*DATASET ENTRIES:*
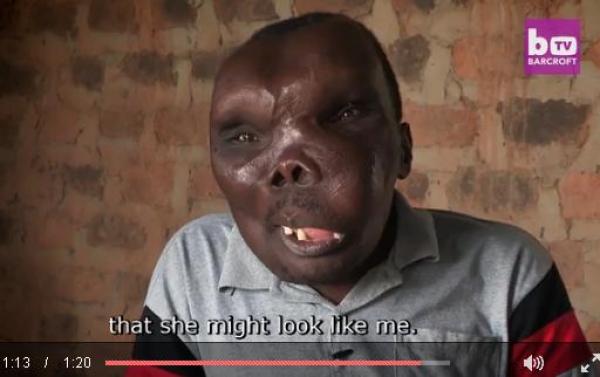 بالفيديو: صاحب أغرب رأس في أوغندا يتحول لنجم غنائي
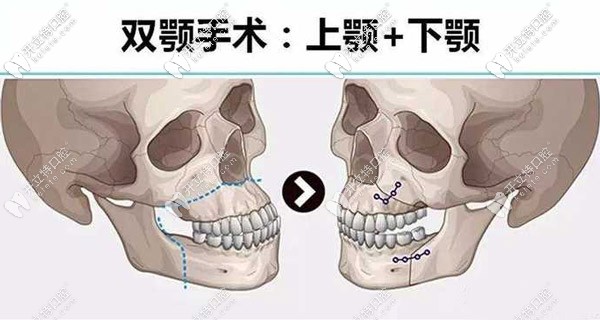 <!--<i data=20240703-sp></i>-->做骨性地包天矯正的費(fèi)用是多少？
---
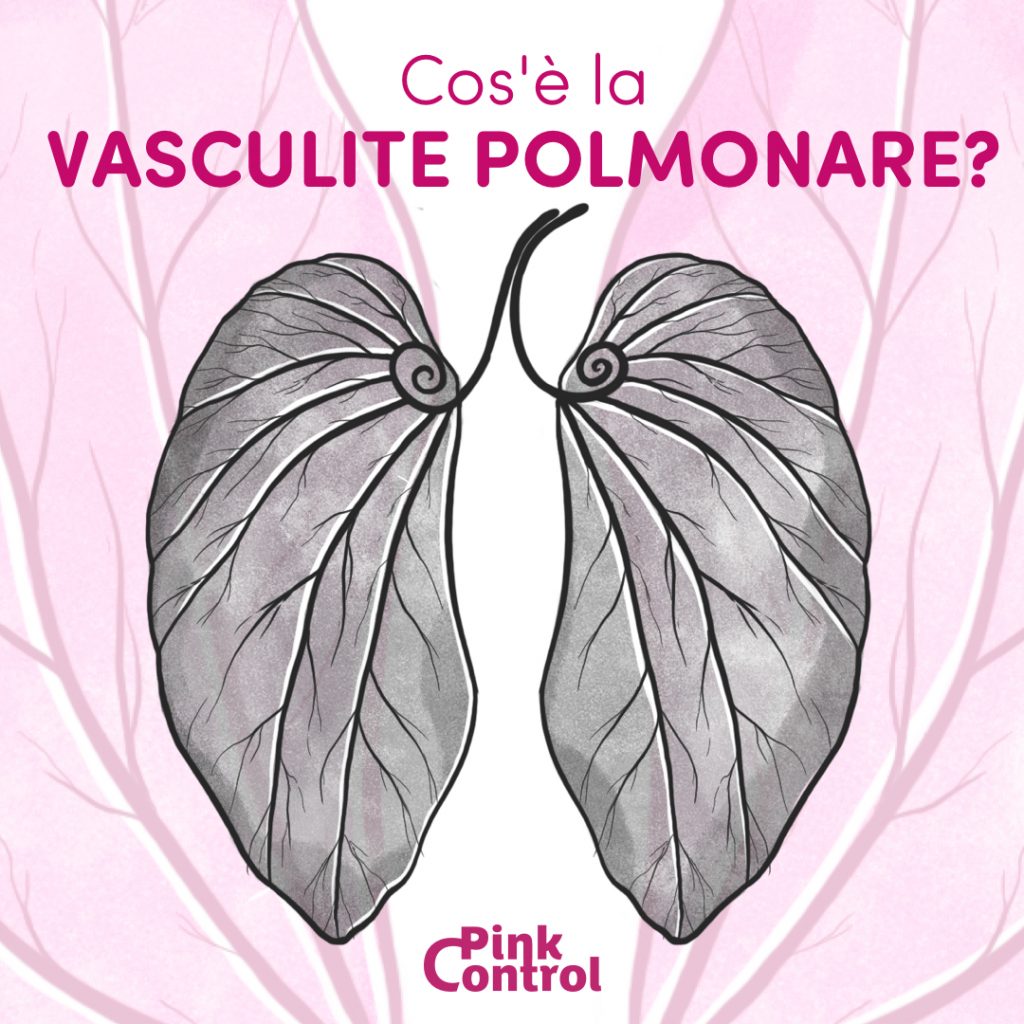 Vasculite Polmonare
==
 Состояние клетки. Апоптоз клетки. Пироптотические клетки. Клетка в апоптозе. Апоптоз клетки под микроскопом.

*ABOUT THIS EXERCISE:*
Although pictures appear among the entries, please set down only the lines from the one with "بالفيديو: صاحب أغرب" up to and including the one with "<!--<i data=20", word for word.

*WRITTEN RESPONSE:*
 بالفيديو: صاحب أغرب رأس في أوغندا يتحول لنجم غنائي
 <!--<i data=20240703-sp></i>-->做骨性地包天矯正的費(fèi)用是多少？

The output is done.